Agreed, but of course the massive write parallelism and fault tolerance of DBMS like Cassandra comes at the cost of dropping ACID, which may cause a lot of complexity elsewhere in the system. It also comes at the cost of limiting the types of queries you can perform without resorting to procedural code (at least in the case of column family based architectures). In other words, it comes at the cost of productivity.
So, even if sharding is not easy, you can do quite a lot of it in the time you save by not having to code around the limitations of most noSQL DBMS.
The day will come when RDBMS are secret productivity weapon of smaller companies that don't feel they have to act like they were Google.
That said, there are very good reasons not to use RDBMS in cases where the data model or specific access patterns just don't fit. But in most of those cases, I find that using in memory data structures combined with file system storage or something like BerkeleyDB is a much better fit than any server based DBMS.
Do remember though that, as discussed here recently, most RDBMSs do not act in a fully ACID compliant way by default. IIRC it is providing a complete isolation guarantee often also provides a hefty performance hit so compromises are made in this area unless you explicitly tell it to be as careful as it can. I imagine this can cause quite a nightmare for master<->master replication.
There are a lot of people using "noSQL" options for the wrong reasons (such as to be buzzword compliant, or because they don't understand SQL), but there are issues that traditional RDBMSs have that stick-in-the-muds like me (who cringe at the phrase "eventual consistency" should be more aware of than we generally are.
Making the right choices about your data storage can be hard.
That said, there are very good reasons not to use RDBMS in cases where the data model or specific access patterns just don't fit. But in most of those cases, I find that using in memory data structures combined with file system storage or something like BerkeleyDB is a much better fit than any server based DBMS.
I want to go into this just a little. The issue here is just that there are tradeoffs. Understanding these tradeoffs is what good design is about.
RDBMS's excel at one thing: presenting stored data for multiple purposes. This is what relational algebra gets you and while SQL is not relational algebra it is an attempt to bridge relational algebra with a programming language.
An RDBMS will never be as fast performance-wise as a basic object storage system. However, what it buys you is flexibility for that part of the data that needs to be presented for multiple uses.

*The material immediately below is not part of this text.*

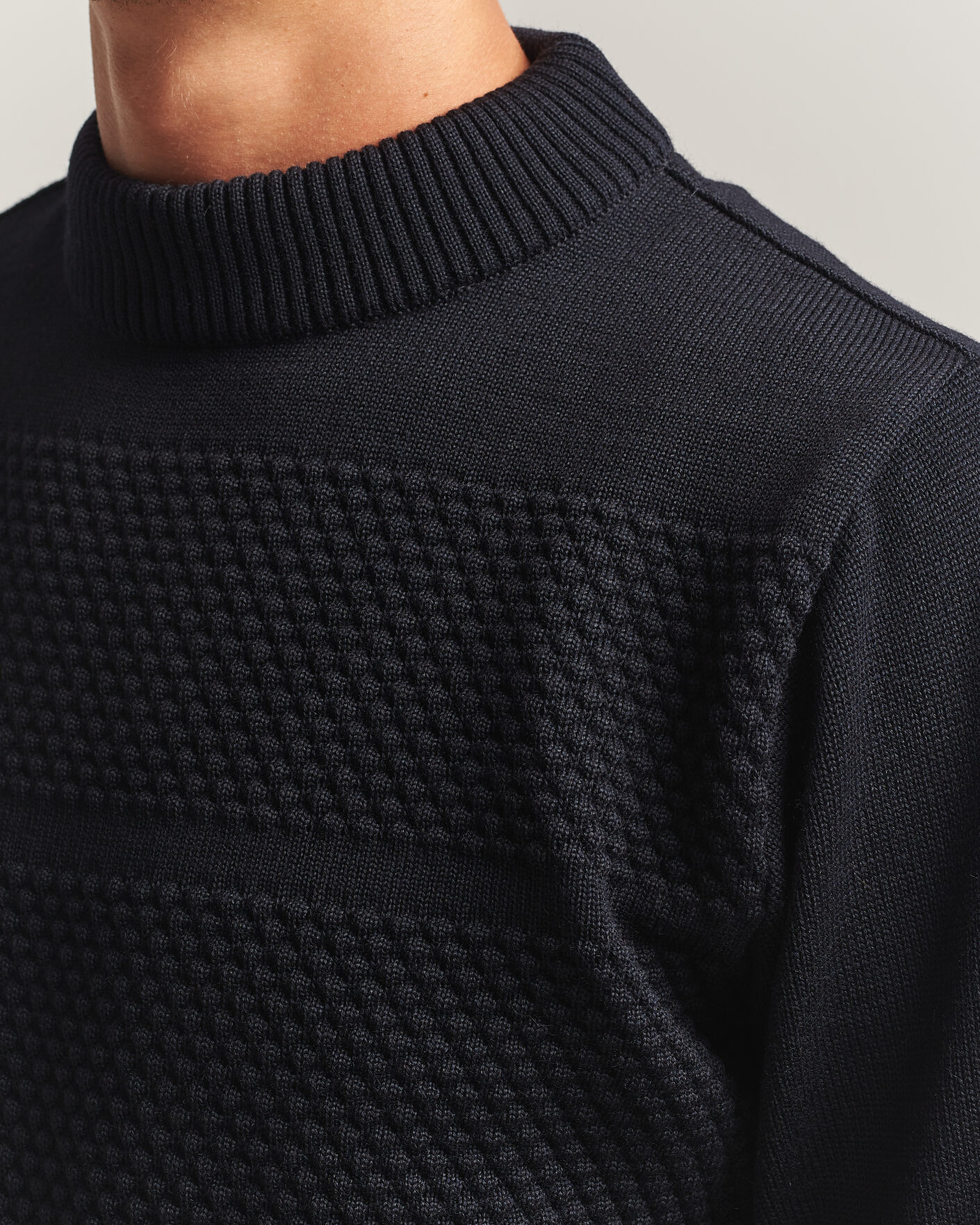 Uomini | Maglieria | S.N.S. Herning | Fisherman Mock Neck Navy Blue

So the sort of access pattern that doesn't fit is something like an LDAP server. Here you have a well-defined method for integrating the software, and the use cases for ad hoc reporting usually aren't there.
On the other hand, you have something like an ERP that allows file attachments to ERP objects. Even though the data model doesn't fit exactly, you can't do this gracefully with a NoSQL solution.
So I suggest people think about the need for flexibility in reporting. the more flexibility required, the more important an RDBMS becomes.
Additionally if you have multiple applications hitting the same database, an RDBMS is pretty hard to replace with any other possible solution.
Codd emphasised the relational model as being able to change the underlying storage representation without breaking apps.
Will this eventually be a problem for NoSQL? Or, is the scalability worth the sacrifice?
Or, does NoSQL typically have only one (main) app, so making it work with a specific storage representation is not a big deal? The relational use-case was many different apps, with different versions, needing different access paths to the data. But if you just have one known set of access paths (like a REST URI), you can just design the DB for that. Hierarchical databases worked well when just one DB, one app; they just weren't very flexible.
there's a project I have recently come across called Postgres-XC which would solve the problem you describe quite nicely. Basically it's Teradata-style clustering based on PostgreSQL. It isn't full-featured yet (version 0.9.6 is the current version, and it doesn't support things like windowing functions), but it looks extremely interesting in this space.
So, even if sharding is not easy, you can do quite a lot of it in the time you save by not having to code around the limitations of most noSQL DBMS.
The day will come when RDBMS are secret productivity weapon of smaller companies that don't feel they have to act like they were Google.
That said, there are very good reasons not to use RDBMS in cases where the data model or specific access patterns just don't fit. But in most of those cases, I find that using in memory data structures combined with file system storage or something like BerkeleyDB is a much better fit than any server based DBMS.